The google spider bot will find it again ....

Google apps (docs, email etc) are different.

There's any num of ways of checking for bad disks; usually via snmp and some systems will notify you when a disk dies.

They probably don't bother for this app, but you can get HW RAID that allows hot swapping of disks and the OS never even notices
 
1 members found this post helpful.
Old 02-15-2013, 07:41 AM   #3
whizje
Member
 
Registered: Sep 2008
Location: The Netherlands
Distribution: Slackware64 current
Posts: 594

Rep: Reputation: 141Reputation: 141
The disk must support hotplug, sata disk are supposed to be hotpluggable. The disk subsystem also must support hotplug. Mdraid also supports hotplug. For the os to support hotplug raid is required.
 
Old 02-15-2013, 09:32 AM   #4
TB0ne
LQ Guru
 
Registered: Jul 2003
Location: Birmingham, Alabama
Distribution: SuSE, RedHat, Slack,CentOS
Posts: 26,655

Rep: Reputation: 7970Reputation: 7970Reputation: 7970Reputation: 7970Reputation: 7970Reputation: 7970Reputation: 7970Reputation: 7970Reputation: 7970Reputation: 7970Reputation: 7970
Quote:
Originally Posted by Mr. Alex View Post
Hello people!
Server farms like Google and other big ones have tonns and tonns of HDDs working together and they have many HDDs die per day. If I'm not mistaken, IT wokers there just pull out dead HDDs from server racks and replace them with new ones on the fly, with no need to turn the servers off. Apparently they don't even care about on which disks their data is stored. It's like RAID but much more sophisticated than say RAID5 or RAID6 and one piece of data is stored on several HDDs spreaded all over server farm which may cover several huge buildings and even network of several buildings... At least it's how I understand it. Is it so? And if yes — what software do they use for this approach (to detect dead HDDs, their location and replace them on the fly)?
Yes, and when you say there's one piece of data spread out over multiple drives...that IS what RAID is. And they don't use software (per se), to do this, they use SAN's. The 'disk' is presented to a server via a fiber channel host-bus adapter (HBA). What that disk is, depends on how the SAN administrator presents it. It could be one part of one disk, one whole disk, or 20 whole disks, split into four array's of 5. The operating system will 'see' one disk. That's it. All the hot-plug and failover happens in the SAN....the OS never knows.

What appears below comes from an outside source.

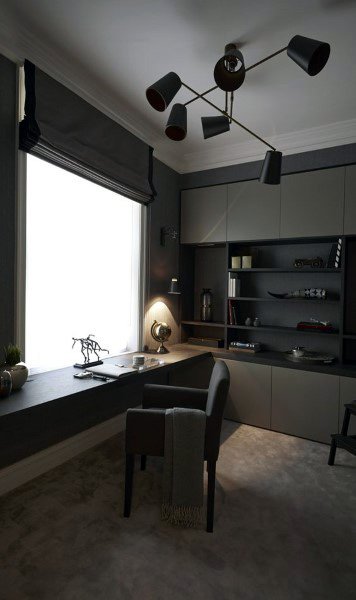 Dark modern home office with built-in desk, sleek shelves, and statement lighting fixture.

You can buy cheap (relatively), hardware RAID systems, and define an array with a hot-spare drive, and the OS will notice that a drive has failed, but the system will keep running. You can then. swap out the failed drive, and it will rebuild the array, and put the spare back into its previous state.
 
1 members found this post helpful.
Old 02-15-2013, 02:38 PM   #5
whizje
Member
 
Registered: Sep 2008
Location: The Netherlands
Distribution: Slackware64 current
Posts: 594

Rep: Reputation: 141Reputation: 141
Google servers according to wikipedia
Quote:
Servers are commodity-class x86 PCs running customized versions of Linux. The goal is to purchase CPU generations that offer the best performance per dollar, not absolute performance. How this is measured is unclear, but it is likely to incorporate running costs of the entire server, and CPU power consumption could be a significant factor.[2] Servers as of 2009-2010 consisted of a custom made open top systems containing two processors (each with 2 cores[3]), a considerable amount of RAM spread over 8 DIMM slots housing double height DIMMS, and two SATA hard drives connected through a non-standard ATX sized power supply.[4] According to CNET and to a book by Hennessy, each server has a novel 12 volt battery to reduce costs and improve power efficiency [3][5]
And if you want to have a look at google datacenters
 
Old 02-16-2013, 12:11 PM   #6
btmiller
Senior Member
 
Registered: May 2004
Location: In the DC 'burbs
Distribution: Arch, Scientific Linux, Debian, Ubuntu
Posts: 4,290

Rep: Reputation: 378Reputation: 378Reputation: 378Reputation: 378
In terms of detecting when a hard drive might fail, the utilities in the smartmontools package can be used, in particular the online self-test commands.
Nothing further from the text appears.